Grafene, named after the revolutionary wafer-thin matter invented in Manchester that can do mind-bending things mortals struggle to understand, has got a new chef and boy does he have some balls.

So much so that an amuse bouche was described as fish skin with squid ink, scrambled egg and smoked salmon. Yummy was not the first adjective to spring to mind.

As an opening volley it’s a good indication of the new chef’s unabashed approach to providing fierce flavours and tastes, giving Grafene oomph.

In fact, Ben Mounsey, who has an excellent pedigree of working for some fabulous Michelin and ‘rosetted’ eateries, has created some wonderful flavour clashes to put Grafene back on Manchester’s culinary map.

Tuna tartare was nice and slithery with a bite of tangy flavours and fresh crab served in an ‘arhhhh’ satisfying bisque, were perfect starters.
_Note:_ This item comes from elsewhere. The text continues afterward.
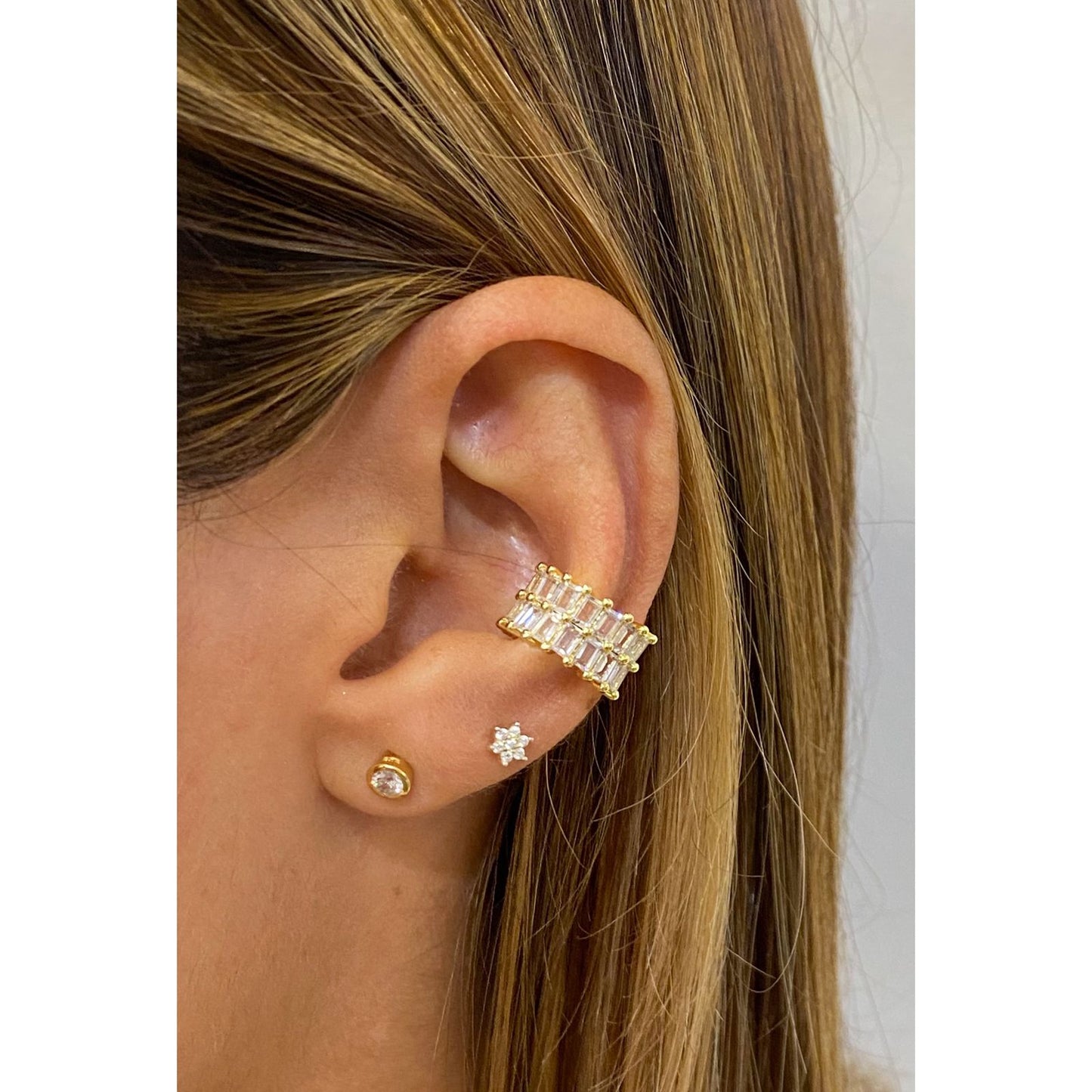 Earcuff GAKI Dorado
Onto mains and venison was rich, meaty and gamey like a good deer should be and the perfect partner for black peas, while duck, recommended by our charming waiter Denis, was superb, glossy and with a sharp cut-through of fennel.

All this in a beautiful ‘grafene’ grey and yellow setting with each dish a master in insta style – literally as pretty as a picture.

And what’s more you can do three courses for £45 pp, a total bargain for this standard of cooking and one we took advantage of with puds. My cheese plate was one of the best in town with a ‘tipsy willy’ my new favourite cheese.

Grafene also has a new cocktail menu (from £9) and boasts a lovely bar bit and great outside booths for drinking and smoking. There’s a huge drinks menu (so big it has an index) with a hefty emphasis on gins and bottles of vino from £19. All this and a buzzy vibe on the right side of Manc chill.

Viva verdict: Fierce flavours ensure Ben makes his mark on Manchester. A steal at £45 for three courses.